Diploma… O çok uğruna uykusuz kalınan, sabahlara kadar ders çalışılan, aileden harçlık kısılıp fotokopi parasına yatırılan yılların karşılığı. Mezuniyet töreninde havaya fırlatılan keplerin ardından yere düşen umutlar gibi ağır bir gerçek var Türkiye’de: Diplomayı almak, iş bulmak anlamına gelmiyor.
Resmi verilere göre, 2025 yılı itibarıyla Türkiye’de genel işsizlik oranı yüzde 8,5 civarında. Ancak bu sayı, genç işsizliği söz konusu olduğunda katlanıyor. 15-24 yaş grubundaki gençlerde işsizlik oranı yüzde 18’e kadar çıkıyor. Bir başka deyişle, her beş gençten biri işsiz. Üniversite mezunlarında ise durum daha da düşündürücü: Yükseköğretim mezunu işsiz sayısı 1 milyonun üzerinde.
Bir genç olarak üniversiteden mezun olduğumda önümde tek bir seçenek vardı: Mücadele etmek. Çünkü sayılar yalan söylemiyor; iş yok, umut var. “İş beğenmiyorlar” diyenler de var. Kimseye minnet etmeden hakkıyla kazanacağı bir iş bulmak isteyen genç, tembel yaftasıyla damgalanıyor.
Sabah bilgisayar başına geçiyorum. İş ilanlarına bakmak bile başlı başına bir mesai. CV düzenlemek, motivasyon mektubu yazmak, referans bulmak… Her başvuru, bir umutla atılan bir taş. Cevap gelmez. Ya da “Olumsuz sonuçlandı.” cümlesiyle yüzleşirsin. “Deneyim?” derler, peki bu deneyimi nerede kazanacağız? “Sen yeni mezunsun, deneyimsizsin.” E iyi de bu gençlik ne zaman kazanacak o tecrübeyi?
Belki de en çok içimi yakan şey, benimle birlikte mezun olan arkadaşlarımın yarısının işsiz, bir kısmının da kendi mesleği dışında bambaşka işlerde asgari ücrete mahkûm olması. Türkiye İstatistik Kurumu verilerine göre her dört üniversite mezunundan biri kendi bölümüne uygun iş bulamıyor. Kimimiz garsonluk yapıyor, kimimiz çağrı merkezlerinde sabit cümlelerle konuşup duruyoruz. Yıllarca hayalini kurduğumuz mesleği icra edemiyoruz.

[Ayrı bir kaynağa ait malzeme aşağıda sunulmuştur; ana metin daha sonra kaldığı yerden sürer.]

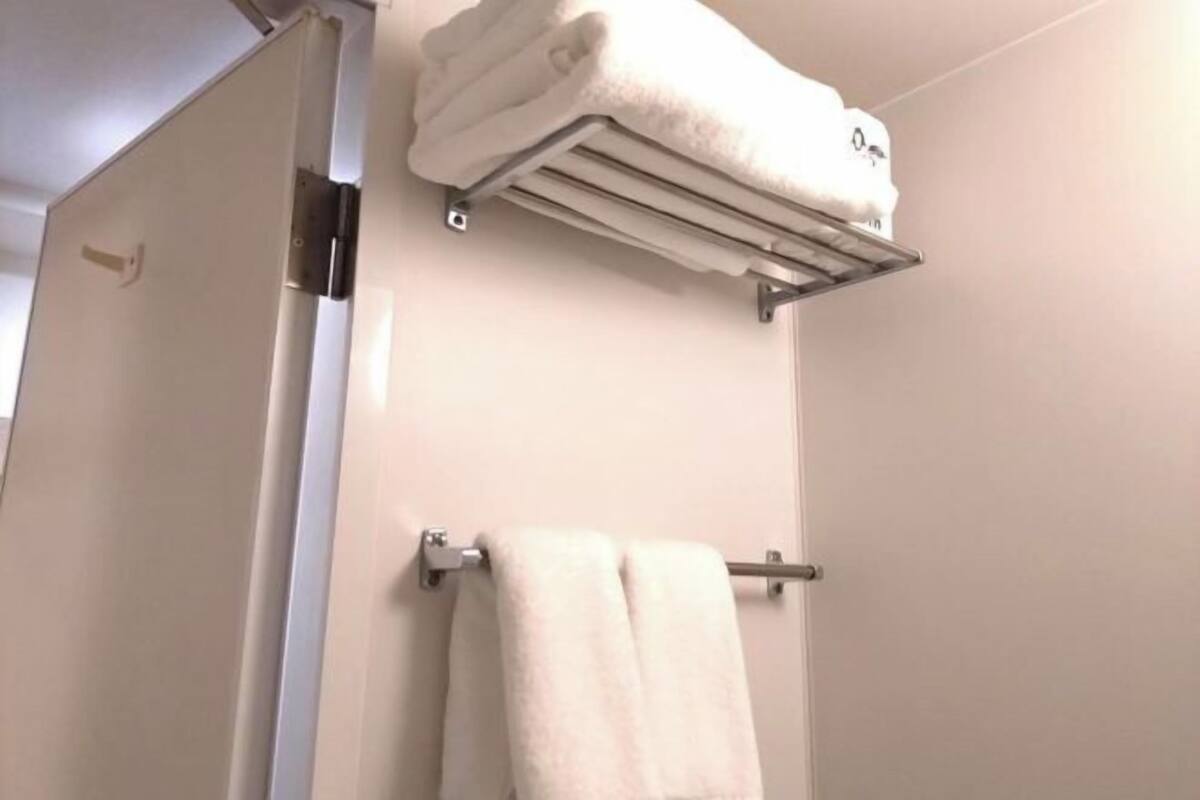 Combined shower/tub, free toiletries, hair dryer, slippers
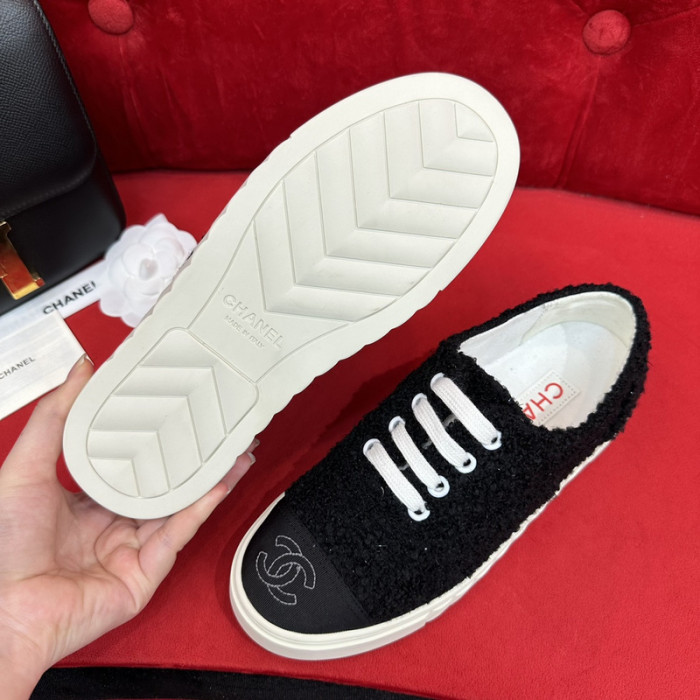 CHNL Sneaker
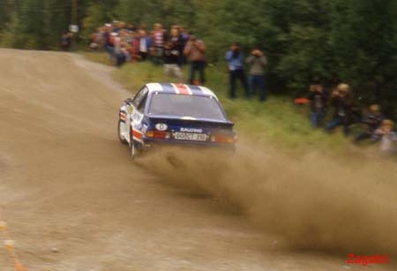 Henri Toivonen - Fred Gallagher
33º 1000 Lakes Rally 1983. Opel Manta 400 (GG-CT 310). Abandonó por daños de motor a causa de una salida de pista en SS39 Kraakkio de 10.51 Km.

Del 26 al 28 de Agosto, Jyväskylä, Finlandia. Superficie: tierra.

El Rally tenia un total de 1461.00 km de los que 472.63 km divididos en 50 tramos eran especiales.

Se inscribieron 180 equipos, tomaron la salida 174, finalizaron 71.@
Palabras clave: Henri_Toivonen;opel;manta;Finlandia;grupo_B;1983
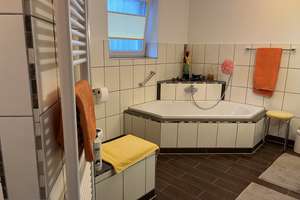 Genial und fair: Ein Haus, das sich selbst versorgt - und Ihre Energiekosten fast eliminiert – Die vollständige Adresse der Immobilie erhältst du vom Anbieter., 35447 Reiskirchen – Vorschaubild 144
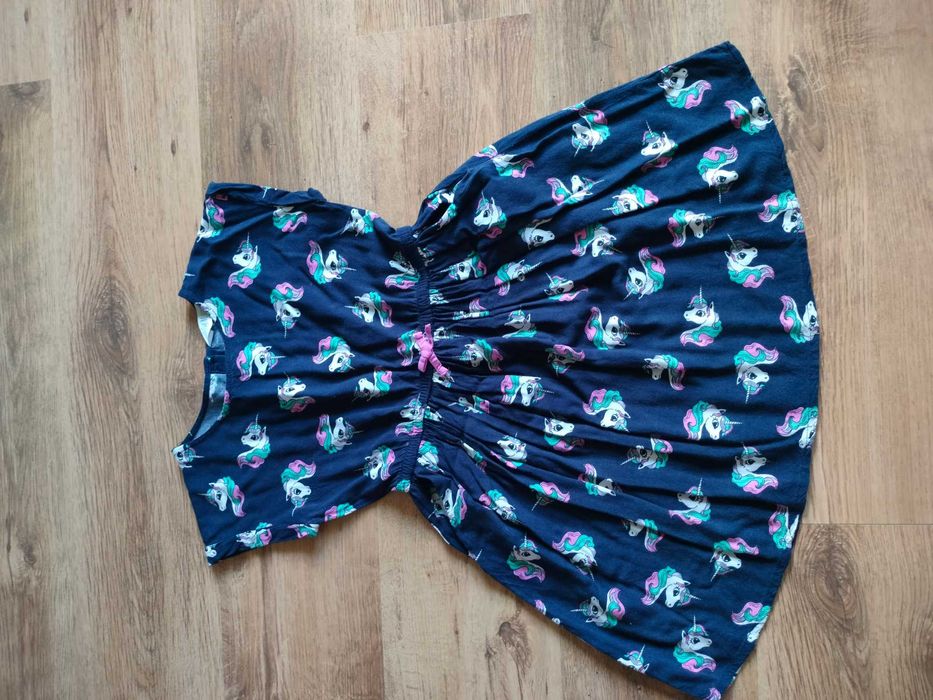 Sukienka z jednorożcami H&M 8-9 lat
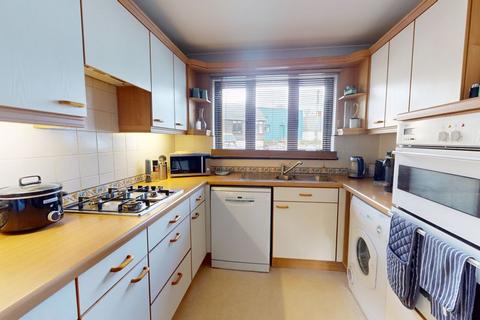 2 bedroom detached bungalow for sale, 6 Stannary Place, Chagford, Devon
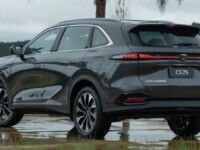 CAOA Changan reduz preço de CS75 em R$ 20 mil em ação comemorativa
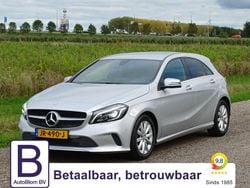 Grijs Gebruikt 2016 Mercedes A180 Ambition Hatchback | € 16.045 (Eerlijke prijs)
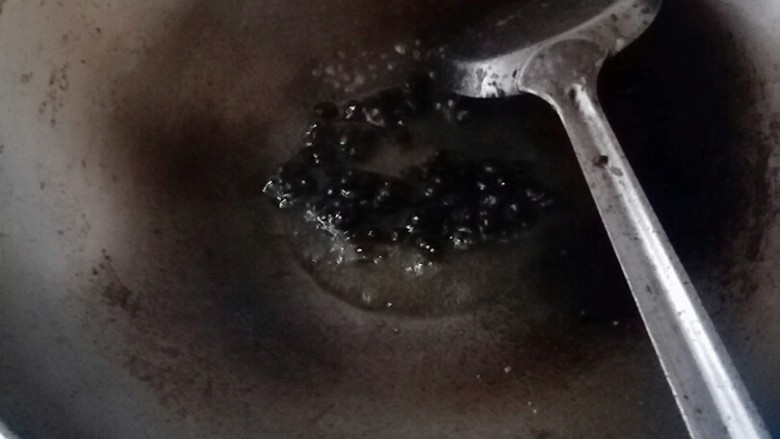 豆豉土豆丝,油煸豆豉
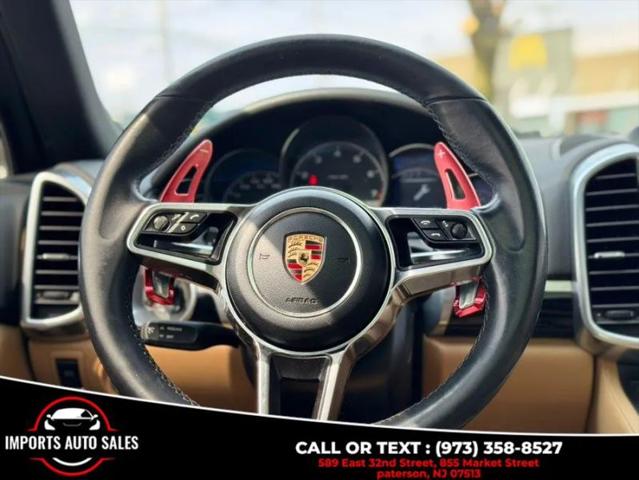 2016 Porsche Cayenne Base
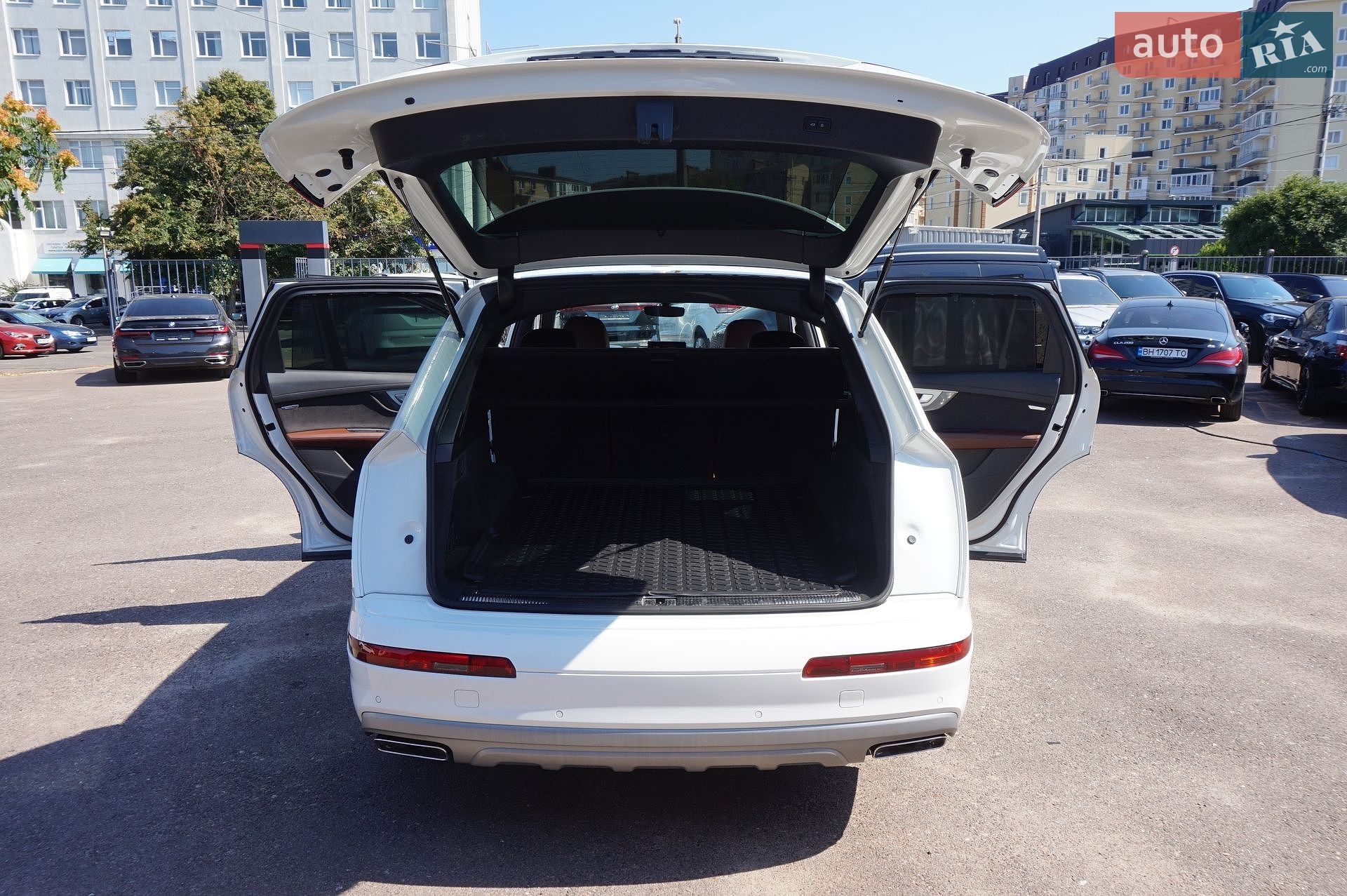 Audi Q7 2017 VIN WAUZZZ4M4JD000590 фото оголошення 45 з 87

Yine de pes etmiyorum. Çünkü bu ülkenin gençleri, umudun ta kendisidir. Biliyorum ki ben çalıştıkça, çabaladıkça, kendimi geliştirdikçe bir gün bir kapı açılacak. Belki bu sabır sınavı, bana daha fazlasını öğretiyor. Kendini değersiz hissetme diyorum kendime. Bu senin suçun değil. Sistemin ayıbı.
Çok değil, belki bir gün bu ülkede gençler diploma aldığı gün işini de garantilemiş olacak. Belki hayal. Ama bu hayali büyütmekten başka şansımız yok. Çünkü umut, işsiz bir gencin son sermayesidir.